Finerenone in Patients With Chronic Kidney Disease and Type 2 Diabetes According to Baseline HbA1c and Insulin Use: An Analysis From the FIDELIO-DKD Study
Research design and methods: Patients with T2D, urine albumin-to-creatinine ratio (UACR) 30–5,000 mg/g, estimated glomerular filtration rate (eGFR) 25–<75 mL/min/1.73 m2, and treated with optimized renin–angiotensin system blockade were randomized to finerenone or placebo. Efficacy outcomes included kidney (kidney failure, sustained decrease ≥40% in eGFR from baseline, or renal death) and cardiovascular (cardiovascular death, nonfatal myocardial infarction, nonfatal stroke, or hospitalization for heart failure) composite endpoints. Patients were analyzed by baseline insulin use and by baseline HbA1c <7.5% or ≥7.5%.

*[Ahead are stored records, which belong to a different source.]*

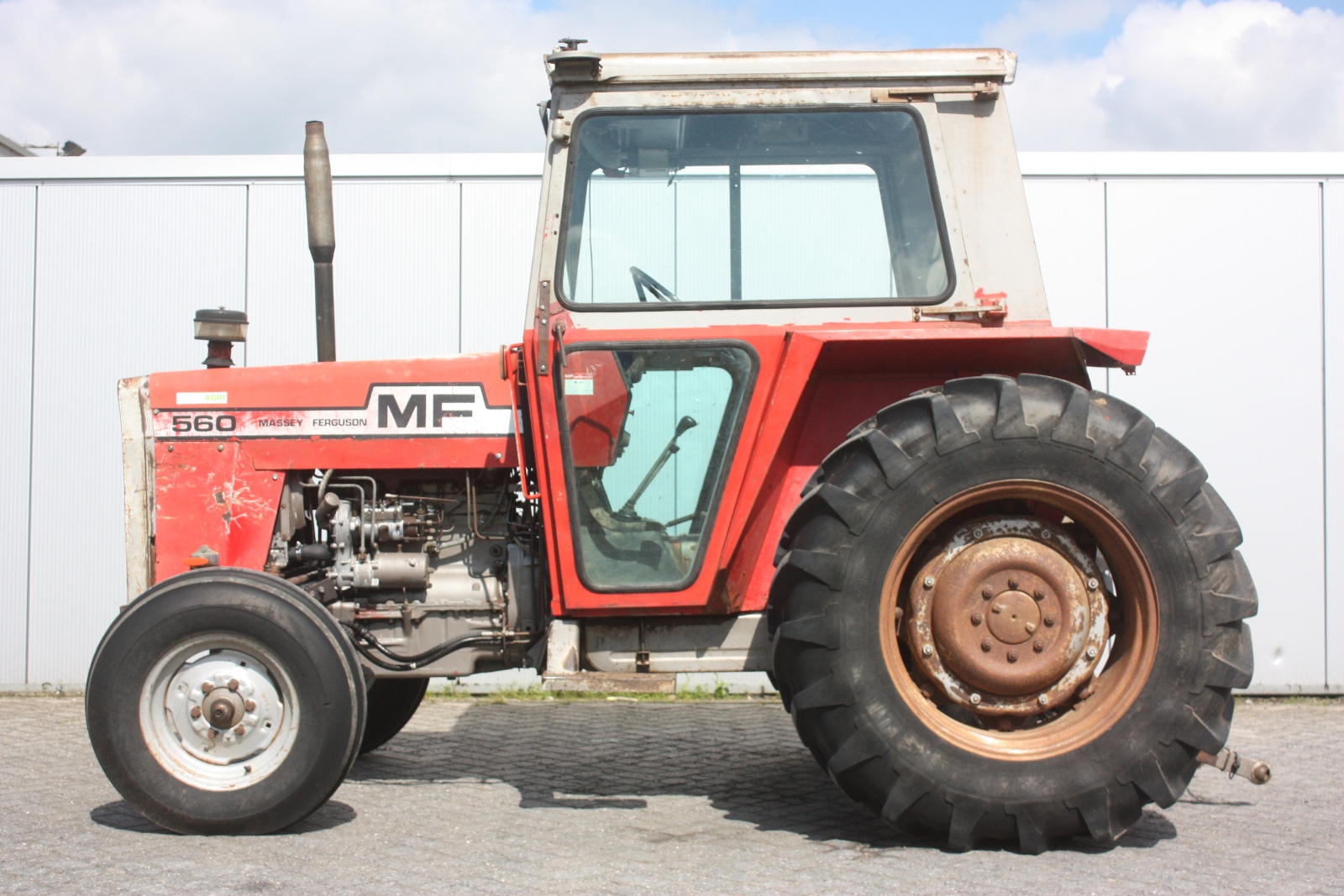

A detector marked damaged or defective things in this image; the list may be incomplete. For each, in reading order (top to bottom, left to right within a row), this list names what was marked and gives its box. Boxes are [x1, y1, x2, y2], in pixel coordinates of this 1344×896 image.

rusty wheel rim [881, 480, 1156, 762] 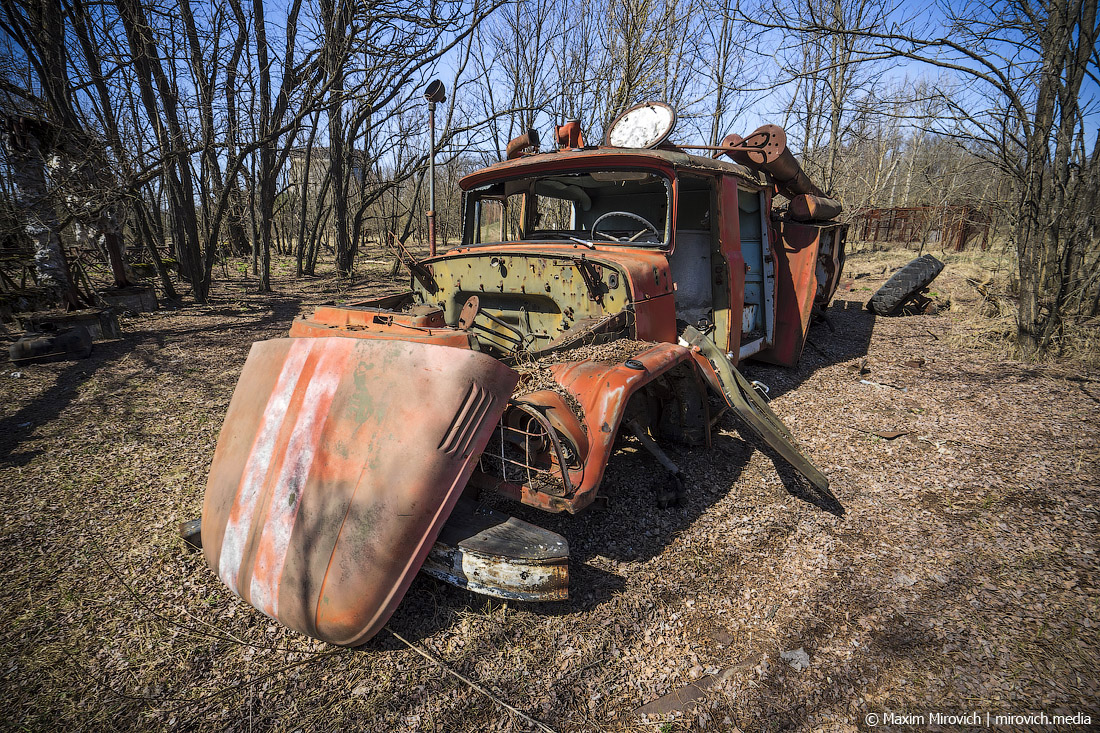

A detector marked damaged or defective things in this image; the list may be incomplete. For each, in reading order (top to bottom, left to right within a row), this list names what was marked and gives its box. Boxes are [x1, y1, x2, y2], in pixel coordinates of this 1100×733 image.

rusted metal panel [200, 334, 517, 642]
detached truck hood [202, 334, 519, 642]
rusty truck [193, 101, 844, 638]
rusty metal structure [198, 104, 849, 647]
broken windshield [462, 169, 668, 246]
rusty metal structure [844, 202, 994, 250] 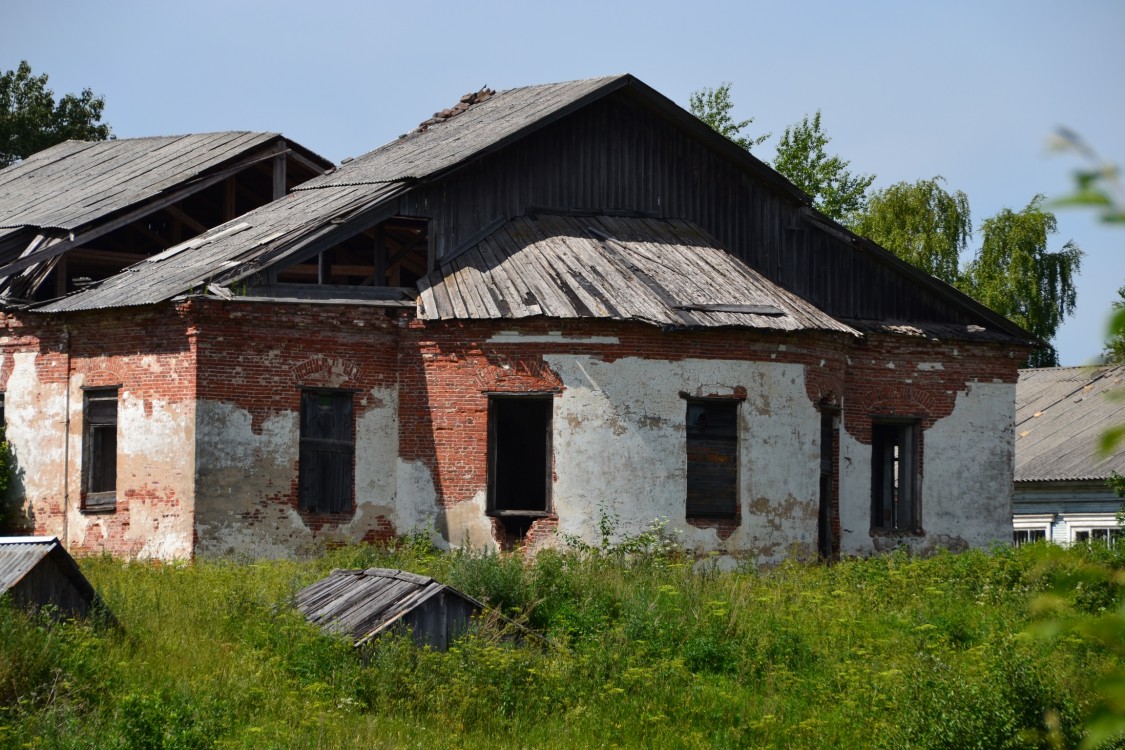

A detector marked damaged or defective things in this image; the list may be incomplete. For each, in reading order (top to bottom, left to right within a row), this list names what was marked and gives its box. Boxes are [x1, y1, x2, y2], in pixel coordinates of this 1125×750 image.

rusty metal roof panel [0, 131, 303, 231]
rusty metal roof panel [297, 74, 625, 188]
rusty metal roof panel [29, 183, 409, 314]
rusty metal roof panel [418, 211, 855, 335]
rusty metal roof panel [1017, 366, 1120, 483]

Results: Of 5,674 patients, 3,637 (64.1%) received insulin at baseline. Overall, 5,663 patients were included in the analysis for HbA1c; 2,794 (49.3%) had baseline HbA1c <7.5% (58 mmol/mol). Finerenone significantly reduced risk of the kidney composite outcome independent of baseline HbA1c and insulin use (Pinteraction 0.41 and 0.56, respectively). Cardiovascular composite outcome incidence was reduced with finerenone irrespective of baseline HbA1c and insulin use (Pinteraction 0.70 and 0.33, respectively). Although baseline HbA1c did not affect kidney event risk, cardiovascular risk increased with higher HbA1c. UACR reduction was consistent across subgroups. Adverse events were similar between groups regardless of baseline HbA1c level and insulin use; few finerenone-treated patients discontinued treatment due to hyperkalemia.
Conclusion: Finerenone reduces kidney and cardiovascular outcome risk in patients with CKD and T2D and risks appear consistent irrespective of HbA1c levels or insulin use.